● **TASK INSTRUCTIONS**: Reproduce exactly the span of lines that opens with the line containing "1715 NW Nicholas Dr, Grain Valley, MO 64029" and closes with the last line of the entries below.

[Crawled caption data]
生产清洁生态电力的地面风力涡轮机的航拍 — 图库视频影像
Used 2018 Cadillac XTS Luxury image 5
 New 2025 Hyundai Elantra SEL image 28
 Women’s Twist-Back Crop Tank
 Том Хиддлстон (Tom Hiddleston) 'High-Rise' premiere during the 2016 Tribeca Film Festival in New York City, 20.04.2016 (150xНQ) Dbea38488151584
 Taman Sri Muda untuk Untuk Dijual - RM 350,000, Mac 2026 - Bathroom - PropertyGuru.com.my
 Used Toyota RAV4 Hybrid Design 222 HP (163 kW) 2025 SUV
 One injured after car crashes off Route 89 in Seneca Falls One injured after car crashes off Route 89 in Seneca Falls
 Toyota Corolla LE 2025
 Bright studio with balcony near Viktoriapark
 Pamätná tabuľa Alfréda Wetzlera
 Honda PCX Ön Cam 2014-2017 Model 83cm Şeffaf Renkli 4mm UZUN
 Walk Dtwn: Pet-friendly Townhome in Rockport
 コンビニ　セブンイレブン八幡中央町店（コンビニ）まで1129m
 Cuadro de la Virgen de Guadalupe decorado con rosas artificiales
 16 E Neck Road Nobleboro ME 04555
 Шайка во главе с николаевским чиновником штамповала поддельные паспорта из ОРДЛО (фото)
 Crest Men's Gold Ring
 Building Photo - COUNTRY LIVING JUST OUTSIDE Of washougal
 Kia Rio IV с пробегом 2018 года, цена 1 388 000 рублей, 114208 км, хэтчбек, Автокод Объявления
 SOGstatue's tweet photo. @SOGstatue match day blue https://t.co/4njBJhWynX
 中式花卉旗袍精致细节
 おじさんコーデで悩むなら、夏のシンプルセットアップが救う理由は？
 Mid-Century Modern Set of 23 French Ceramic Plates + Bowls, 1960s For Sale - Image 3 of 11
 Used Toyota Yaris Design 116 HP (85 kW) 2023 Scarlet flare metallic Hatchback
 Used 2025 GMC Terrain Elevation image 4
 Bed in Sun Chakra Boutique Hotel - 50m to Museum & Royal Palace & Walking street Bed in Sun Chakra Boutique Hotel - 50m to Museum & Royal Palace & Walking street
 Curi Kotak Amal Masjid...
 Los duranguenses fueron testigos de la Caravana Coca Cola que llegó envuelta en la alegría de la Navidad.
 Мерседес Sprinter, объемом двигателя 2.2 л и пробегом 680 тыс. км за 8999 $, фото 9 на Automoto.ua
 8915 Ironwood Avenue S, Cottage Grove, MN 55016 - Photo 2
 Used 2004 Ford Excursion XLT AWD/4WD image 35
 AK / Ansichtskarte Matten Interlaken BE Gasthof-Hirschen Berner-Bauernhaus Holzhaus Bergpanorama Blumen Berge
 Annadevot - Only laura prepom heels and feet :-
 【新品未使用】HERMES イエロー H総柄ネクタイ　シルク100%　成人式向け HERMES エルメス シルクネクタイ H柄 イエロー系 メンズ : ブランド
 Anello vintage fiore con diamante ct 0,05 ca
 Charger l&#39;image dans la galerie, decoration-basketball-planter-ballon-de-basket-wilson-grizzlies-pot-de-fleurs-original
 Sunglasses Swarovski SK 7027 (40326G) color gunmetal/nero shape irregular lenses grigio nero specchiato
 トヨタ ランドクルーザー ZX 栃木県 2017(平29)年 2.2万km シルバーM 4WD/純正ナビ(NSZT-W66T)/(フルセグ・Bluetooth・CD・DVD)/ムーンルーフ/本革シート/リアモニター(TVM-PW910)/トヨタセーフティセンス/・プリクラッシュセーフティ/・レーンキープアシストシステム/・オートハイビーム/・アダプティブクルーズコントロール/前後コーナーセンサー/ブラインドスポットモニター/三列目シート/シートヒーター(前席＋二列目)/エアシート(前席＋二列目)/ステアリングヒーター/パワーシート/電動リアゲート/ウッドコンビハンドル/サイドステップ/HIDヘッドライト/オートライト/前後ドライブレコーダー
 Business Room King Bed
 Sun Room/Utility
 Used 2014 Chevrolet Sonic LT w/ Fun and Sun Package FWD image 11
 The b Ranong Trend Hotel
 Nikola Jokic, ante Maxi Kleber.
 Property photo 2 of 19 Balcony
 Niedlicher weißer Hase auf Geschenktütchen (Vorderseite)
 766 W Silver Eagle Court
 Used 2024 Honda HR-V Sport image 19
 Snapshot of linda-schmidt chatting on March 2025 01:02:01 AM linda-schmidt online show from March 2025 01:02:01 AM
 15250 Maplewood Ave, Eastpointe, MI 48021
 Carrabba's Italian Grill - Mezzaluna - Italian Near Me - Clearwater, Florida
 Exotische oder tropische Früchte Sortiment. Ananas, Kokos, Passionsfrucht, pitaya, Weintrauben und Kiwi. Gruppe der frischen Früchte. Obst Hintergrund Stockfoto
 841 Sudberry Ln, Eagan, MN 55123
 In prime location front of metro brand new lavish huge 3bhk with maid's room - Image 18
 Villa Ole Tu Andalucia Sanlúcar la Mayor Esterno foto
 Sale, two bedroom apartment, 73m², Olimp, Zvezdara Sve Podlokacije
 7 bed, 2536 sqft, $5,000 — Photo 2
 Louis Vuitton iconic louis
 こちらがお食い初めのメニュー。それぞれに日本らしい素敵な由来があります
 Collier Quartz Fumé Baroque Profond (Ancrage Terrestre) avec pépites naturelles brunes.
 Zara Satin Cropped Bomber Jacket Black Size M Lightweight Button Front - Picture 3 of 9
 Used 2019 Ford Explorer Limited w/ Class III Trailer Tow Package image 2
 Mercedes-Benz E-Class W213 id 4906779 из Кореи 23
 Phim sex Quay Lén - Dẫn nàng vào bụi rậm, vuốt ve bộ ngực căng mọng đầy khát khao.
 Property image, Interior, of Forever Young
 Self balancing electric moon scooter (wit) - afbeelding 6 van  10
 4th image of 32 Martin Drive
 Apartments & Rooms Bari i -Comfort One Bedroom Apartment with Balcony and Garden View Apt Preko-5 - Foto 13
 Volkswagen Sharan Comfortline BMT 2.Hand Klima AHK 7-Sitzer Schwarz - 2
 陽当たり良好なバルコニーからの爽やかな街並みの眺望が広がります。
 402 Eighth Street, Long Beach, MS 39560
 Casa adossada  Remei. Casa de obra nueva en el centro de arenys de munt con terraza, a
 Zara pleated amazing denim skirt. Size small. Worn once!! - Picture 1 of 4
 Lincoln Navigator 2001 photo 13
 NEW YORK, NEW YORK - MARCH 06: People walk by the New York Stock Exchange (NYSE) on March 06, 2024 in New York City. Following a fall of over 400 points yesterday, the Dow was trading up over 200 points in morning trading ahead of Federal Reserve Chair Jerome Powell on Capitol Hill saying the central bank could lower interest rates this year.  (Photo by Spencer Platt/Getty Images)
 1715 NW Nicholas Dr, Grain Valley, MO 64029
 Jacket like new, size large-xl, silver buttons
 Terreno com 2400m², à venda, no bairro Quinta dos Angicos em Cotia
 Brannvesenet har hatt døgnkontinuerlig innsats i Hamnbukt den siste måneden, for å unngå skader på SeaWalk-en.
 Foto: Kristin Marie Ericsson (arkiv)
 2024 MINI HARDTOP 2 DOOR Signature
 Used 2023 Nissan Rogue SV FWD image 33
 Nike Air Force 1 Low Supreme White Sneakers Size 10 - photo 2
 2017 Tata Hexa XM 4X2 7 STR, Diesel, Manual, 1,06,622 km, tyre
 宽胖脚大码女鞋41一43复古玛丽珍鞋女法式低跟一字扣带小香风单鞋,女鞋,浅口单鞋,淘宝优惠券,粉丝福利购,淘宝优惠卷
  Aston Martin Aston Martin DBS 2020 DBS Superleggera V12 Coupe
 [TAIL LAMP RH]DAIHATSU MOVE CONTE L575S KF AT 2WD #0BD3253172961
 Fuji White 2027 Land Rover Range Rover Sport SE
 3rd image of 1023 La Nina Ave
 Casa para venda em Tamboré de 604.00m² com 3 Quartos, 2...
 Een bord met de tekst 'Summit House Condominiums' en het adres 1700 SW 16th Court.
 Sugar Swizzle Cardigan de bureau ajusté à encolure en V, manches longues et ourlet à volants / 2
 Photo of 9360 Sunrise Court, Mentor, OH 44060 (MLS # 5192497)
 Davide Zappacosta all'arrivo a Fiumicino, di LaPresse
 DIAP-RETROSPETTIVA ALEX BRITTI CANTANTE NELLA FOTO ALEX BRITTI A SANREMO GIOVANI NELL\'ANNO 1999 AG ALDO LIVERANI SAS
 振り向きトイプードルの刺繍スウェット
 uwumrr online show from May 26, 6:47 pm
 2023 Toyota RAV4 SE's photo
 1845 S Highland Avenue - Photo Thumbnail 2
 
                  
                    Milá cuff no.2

● **ANSWER SPACE**:
 1715 NW Nicholas Dr, Grain Valley, MO 64029
 Jacket like new, size large-xl, silver buttons
 Terreno com 2400m², à venda, no bairro Quinta dos Angicos em Cotia
 Brannvesenet har hatt døgnkontinuerlig innsats i Hamnbukt den siste måneden, for å unngå skader på SeaWalk-en.
 Foto: Kristin Marie Ericsson (arkiv)
 2024 MINI HARDTOP 2 DOOR Signature
 Used 2023 Nissan Rogue SV FWD image 33
 Nike Air Force 1 Low Supreme White Sneakers Size 10 - photo 2
 2017 Tata Hexa XM 4X2 7 STR, Diesel, Manual, 1,06,622 km, tyre
 宽胖脚大码女鞋41一43复古玛丽珍鞋女法式低跟一字扣带小香风单鞋,女鞋,浅口单鞋,淘宝优惠券,粉丝福利购,淘宝优惠卷
  Aston Martin Aston Martin DBS 2020 DBS Superleggera V12 Coupe
 [TAIL LAMP RH]DAIHATSU MOVE CONTE L575S KF AT 2WD #0BD3253172961
 Fuji White 2027 Land Rover Range Rover Sport SE
 3rd image of 1023 La Nina Ave
 Casa para venda em Tamboré de 604.00m² com 3 Quartos, 2...
 Een bord met de tekst 'Summit House Condominiums' en het adres 1700 SW 16th Court.
 Sugar Swizzle Cardigan de bureau ajusté à encolure en V, manches longues et ourlet à volants / 2
 Photo of 9360 Sunrise Court, Mentor, OH 44060 (MLS # 5192497)
 Davide Zappacosta all'arrivo a Fiumicino, di LaPresse
 DIAP-RETROSPETTIVA ALEX BRITTI CANTANTE NELLA FOTO ALEX BRITTI A SANREMO GIOVANI NELL\'ANNO 1999 AG ALDO LIVERANI SAS
 振り向きトイプードルの刺繍スウェット
 uwumrr online show from May 26, 6:47 pm
 2023 Toyota RAV4 SE's photo
 1845 S Highland Avenue - Photo Thumbnail 2
 
                  
                    Milá cuff no.2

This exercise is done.